Mais ce qui est inconcevable, c'est qu'un comique grossier, rampant et obscène, sans goût, sans mœurs, sans vraisemblance, ait trouvé des enthousiastes dans le siècle de Molière. Il ne faut que lire ce qui nous reste d'Aristophane, pour juger, comme Plutarque, que c'est moins pour les honnêtes gens qu'il a écrit, que pour la vile populace, pour des hommes perdus d'envie, de noirceur et de débauche. Qu'on lise après cela l'éloge qu'en fait madame Dacier: Jamais homme n'a eu plus de finesse, ni un tour plus ingénieux ; le style d'Aristophane est aussi agréable que son esprit; si l'on n'a pas lu Aristophane, on ne connait pas encore tous les charmes et toutes les beautés du grec, etc.

Les magistrats s'aperçurent, mais trop tard. que, dans la comédie appelée moyenne, les poëtes n'avaient fait qu'éluder la loi qui défendait de nommer: ils en portèrent une seconde, qui, bannissant du théâtre toute imitation personnelle, borna la comédie à la peinture générale des mœurs.

C'est alors que la comédie nouvelle cessa d'être une satire, et prit la forme honnête et décente

qu'elle a conservée depuis. C'est dans ce genre que fleurit Ménandre, poëte aussi élégant, aussi naturel, aussi simple, qu'Aristophane l'était peu. On ne peut, sans regretter sensiblement les ouvrages de ce poëte, lire l'éloge qu'en a fait Plutarque, d'accord avec toute l'antiquité: C'est une prairie émaillée de fleurs, où l'on aime à respirer un air pur... La muse d'Aristophane ressemble à une femme perdue; celle de Ménandre à une honnéte femme.

Mais comme il est plus aisé d'imiter le grossier et le bas que le délicat et le noble, les premiers poëtes latins suivirent les traces d'Aristophane. De ce nombre fut Plaute, qui cependant ne lui ressemble pas.

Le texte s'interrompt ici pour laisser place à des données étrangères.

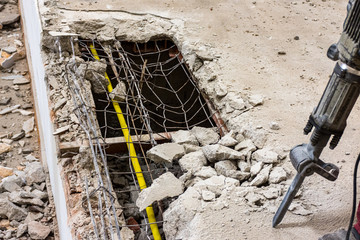 Demoli&ccedil;&atilde;o de estrutura de concreto com entulhos e res&iacute;duos a serem coletados.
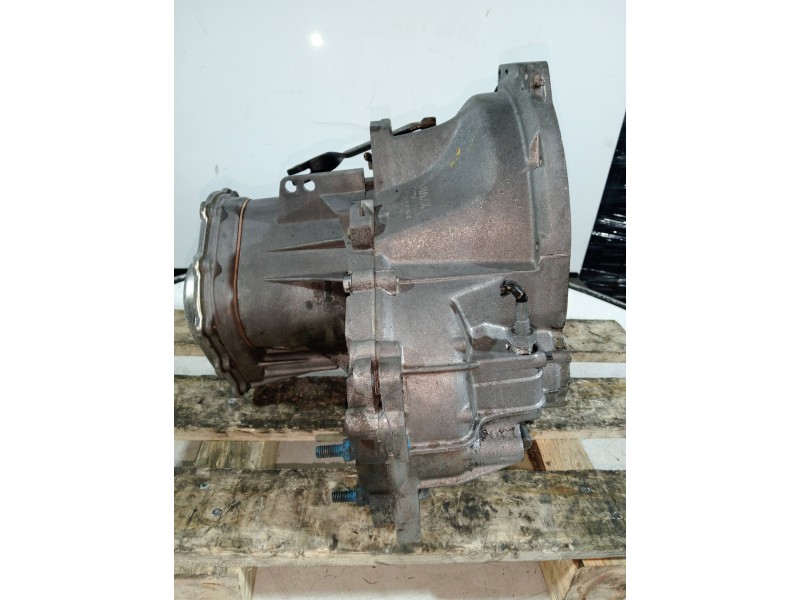 Recambio de caja cambios para ford escort berlina 1.4 referencia OEM IAM 87TT7F096AA  5V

Térence, qui vint après Plaute, imita Ménandre sans l'égaler. César l'appelait un demi-Ménandre, et lui reprochait de n'avoir pas la force comique : expression que les commentateurs ont interprétée à leur façon, mais qui doit s'entendre de ces grands traits qui approfondissent les caractères, et qui vont chercher le vice jusque dans les replis de l'ame, pour l'exposer en plein théâtre au mépris des spectateurs.

Plaute est plus vif, plus gai, plus fort, plus varié; Térence plus fin, plus vrai, plus pur, plus élégant : l'un a l'avantage que donne l'imagination qui n'est captivée ni par les règles de l'art, ni par celles des mœurs, sur le talent assujéti à toutes ces règles; l'autre a le mérite d'avoir con

cilié l'agrément et la décence, la politesse et la plaisanterie, l'exactitude et la facilité: l'un amuse par l'action, et l'autre enchante par le style: on souhaiterait à Plaute la politesse de Térence, à Térence la gaieté de Plaute.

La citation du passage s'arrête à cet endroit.